Onlar sıkıntılı günlerimizdi; ama ben şunu yaptım: Hiç kimseyi suçlamadım. Cenâb-ı Hakk’a iltica ettim. İhanet edenlere de bir şey yapmadım.
Tesellim şuydu: Cenâb-ı Hakk’a iltica ederken, “Ya Rabbi, Sen biliyorsun. Benim bunda bilgim yok. Ben burada bir ihanete uğradım. Beni Senden başka da kimse kurtaramaz.
Birinci Lem’a’daki gibi ‘Esbab bilcümle sukut etti.’ Senden gelene razıyım” dedim.

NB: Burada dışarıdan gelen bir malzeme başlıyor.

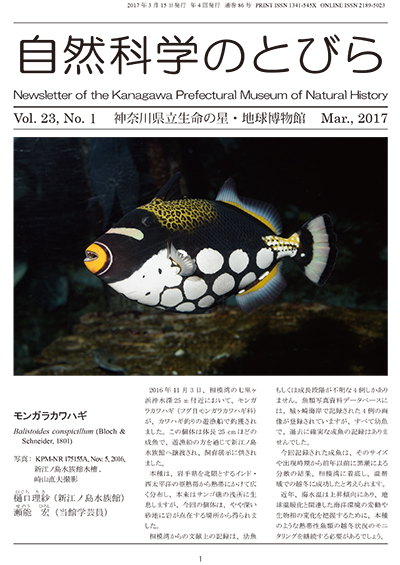 自然科学のとびら Vol.23,No.1 表紙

Ben üstümdeki her şeyi Fırıncı ve Birinci Ağabeye teslim ettikten sonra, İstanbul esnafını Çarşamba’daki vakfın merkezinde topladık.
Onlara durumu anlattım: “Böyle böyle bir sıkıntıya maruz kaldık. Hizmet sizin; desteğe ihtiyacımız var” dedim. Cemaatten para istedik.
İş, Yenibosna’daki tesislerden “kovulma” durumuna kadar geldi, çattı.
O olay, aramızdaki meslek, Üstadın tarzı gibi konulardaki farklı düşünüşümüz dolayısıyla cereyan etmedi. Tamamen şahsiydi. Bilhassa Fırıncı Ağabeyin şahsımdan duyduğu rahatsızlığın bir sonucuydu.
Sürekli şikâyet etmek, ama çözüm getirmemek, ister istemez bende hedefin “üzüm yemek” değil, “bağcı dövmek” olduğu fikrini doğuruyordu. Çünkü bana yüklenen sorumluluklar hayli fazlaydı. Eğer aksayan bir taraf varsa, normal olan aksamayı düzeltmeye yönelik teklifler getirmek, hatta görev almak idi. Ama böyle davranılmıyordu. Bırakın yardımı, desteği tahrip edercesine bir tenkit mekanizması işletiliyordu.
Bunları yapanların niyetleri, belki doğrudan hizmeti tahrip etmek olmayabilirdi, ama tavırları, netice itibarıyla hizmetlerdeki bir takım aksaklıkları ortaya koymaya çalışarak şahsımı çürütmeyi sonuç veriyordu.
İhtilâflar ve getirdiği bölünüp parçalanmaların, belki bir iyi yönü şimdi cemaatimiz tarafından uygulanan “meşveret sisteminin oturması” olmuştur denilebilir. Bütün hizmetlerimiz, artık şahıslardan ziyade hizmet bölgesinin meşveret heyetlerince yürütülmektedir.
Çünkü bizim sistemimiz, Üstadın koyduğu meşveret ve şûrâ meselesi, anlaşma, uzlaşma meselesidir. İşleri meşveret ederek karara bağlama meselesidir.